Available data below:
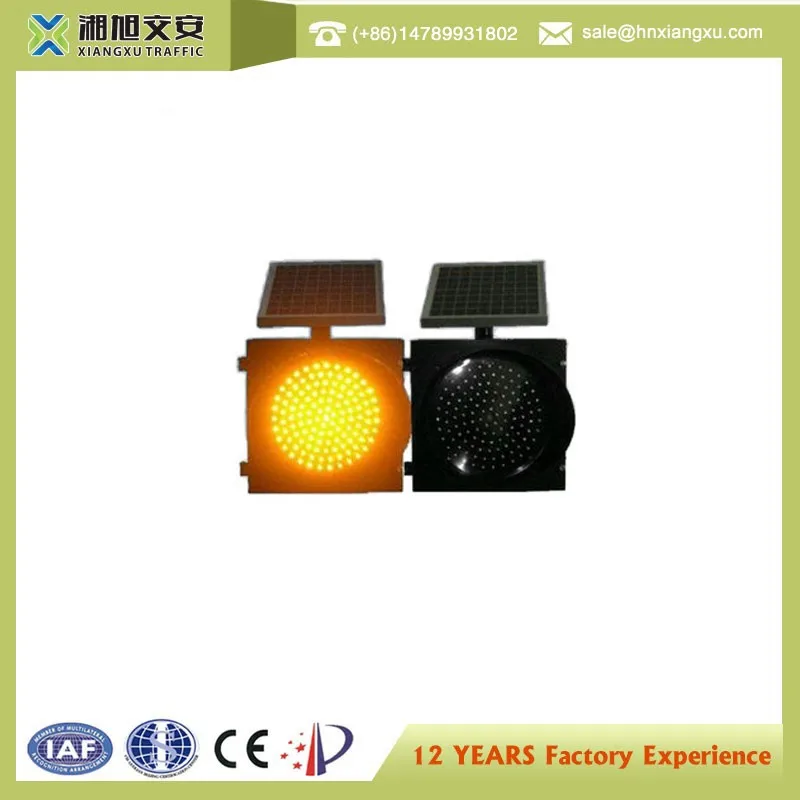 Manufactory wholesale Yellow led road safety flashing light/strobe blinker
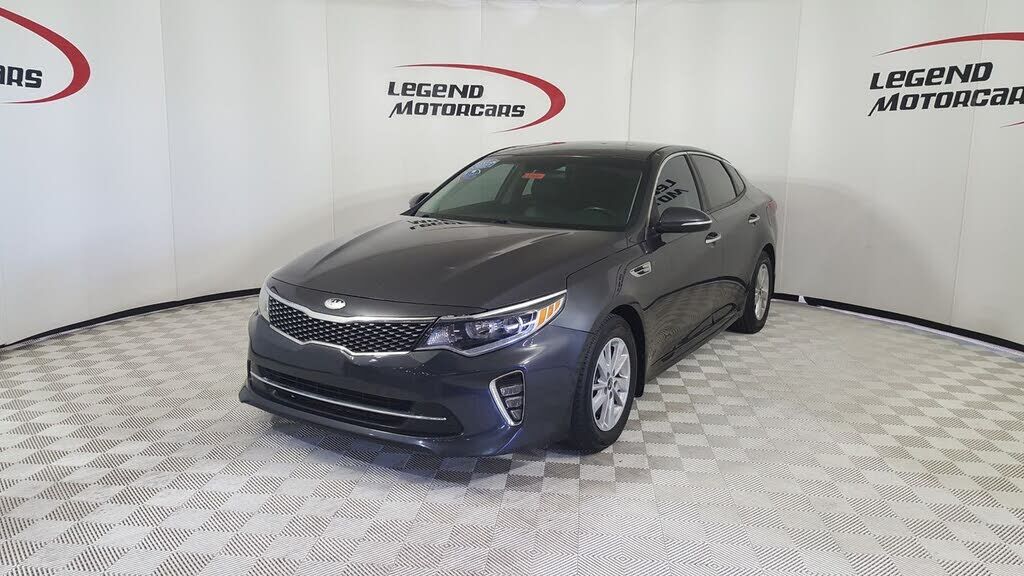 2018 KIA Optima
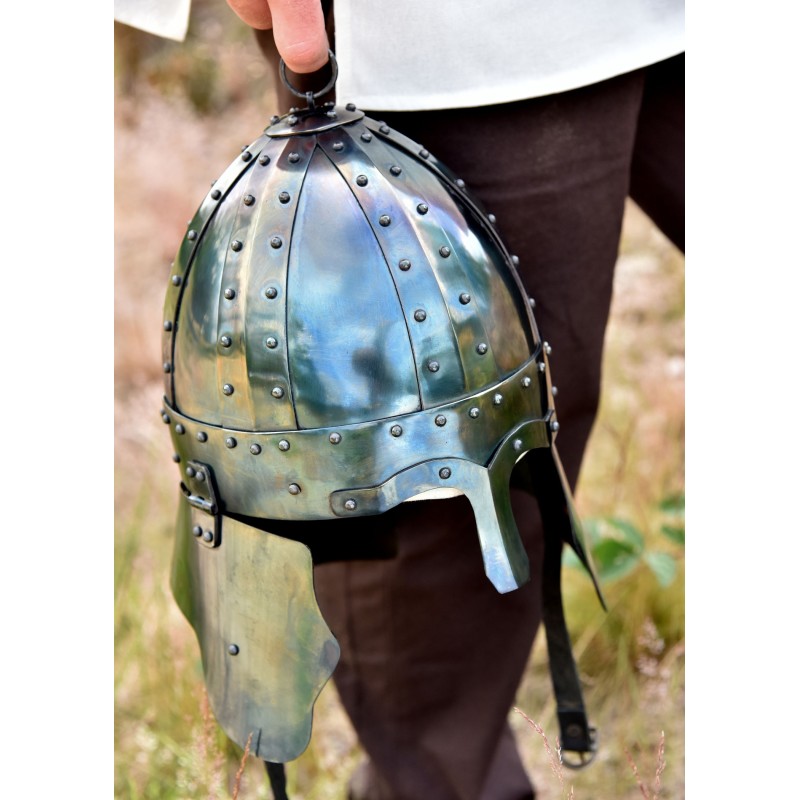 Spätrömischer Spangenhelm - Deir el-Medina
End of Available data.
About this task
The material above is to be set down exactly, with pictures removed.

Exercise response
 Manufactory wholesale Yellow led road safety flashing light/strobe blinker
 2018 KIA Optima
 Spätrömischer Spangenhelm - Deir el-Medina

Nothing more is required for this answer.